Figure C.1 presents variance vs. wavelength results for the CHAR model across four distinct timescales together with the observed variance values. Model parameters are: ṁ = 0.1, M_BH = 10⁸ M_⊙, α = 0.5 and δ_mc = 1.32. A Q_mc PSD ∝1/f^β is adopted, where β ranges from 0.6 to 2.0. A PSD with β = 0.6 better represents the observed variance versus wavelength across the four studied timescales.

Fig. C.1. The variance-wavelength relationship for the CHAR model for four timescales exploring a PSD ∝1/fβ with β ranging from 0.6 to 2. The plots display multiple linear regressions, as indicated in the legends, showing the influence of different PSDs on the model behavior. Green pentagons represent observed median ZTF variance values, with error bars indicating root-mean-squared scatter.
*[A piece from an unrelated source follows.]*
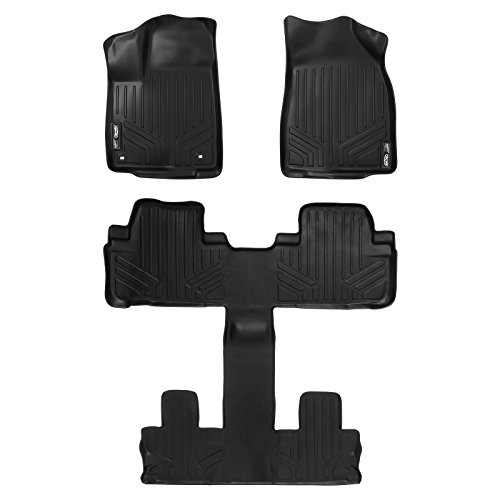 MAX LINER MAXLINER 脚垫 3 排衬垫套装黑色适用于 2014-2018 年丰田汉兰达带第二排桶形座椅（无混合动力车型）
Appendix D: Impact of dimensionless viscosity parameter on variance-wavelength patterns in the CHAR model

Figure D.1 presents variance as a function of rest-frame wavelength for the CHAR model for values of the dimensionless viscosity parameter (α) ranging from 0.1 to 0.8, for all timescale studied. Model parameters are: ṁ = 0.1, and M_BH = 10⁸ M_⊙, β = 0.6 and δ_mc = 1.32. Observed variances are also included. It can be seen that as α increases, the slope of the variance-wavelength relationship becomes flatter. Among these, α = 0.5 was identified as the best value, providing the closest match to the observed variance across all timescales studied.

Fig. D.1. Variance-wavelength relationship for the CHAR model examining varying α values from 0.1 to 0.8. The displayed multiple linear regression models indicated in the legend, show how the model responds to different α values. Additionally, green pentagons represent observed ZTF median variance, with error bars indicating root-mean-squared scatter.

Appendix E: Light curve simulation and variance analysis

E.1. Simulating the light curves

The measurements of variance in light curves are inevitably affected by the sampling pattern and the methods used for variance estimation. To reduce these biases, we employed asimulation approach based on the model proposed by Timmer & Koenig (1995). This model was adapted to incorporate dependencies on key physical properties, including the black hole mass (M_BH) and the Eddington ratio (R_Edd), and rest-frame wavelength (λ_RF).

$$\text{P}(f)=A\times \frac{f^{{\alpha }_{\text{L}}}}{1+{\left(\frac{f}{f_{\mathrm{b}}}\right)}^{{\alpha }_{\text{L}}-{\alpha }_{\text{H}}}}$$

where f is the frequency, A is the amplitude normalization, f_b is the break frequency, and α_L and α_H are the low and high-frequency slopes, respectively. This model was adapted to incorporate dependencies on key physical properties, i.e., black hole mass (M_BH) and the Eddington ratio (R_Edd), and for this test also the rest-frame wavelength (λ_RF).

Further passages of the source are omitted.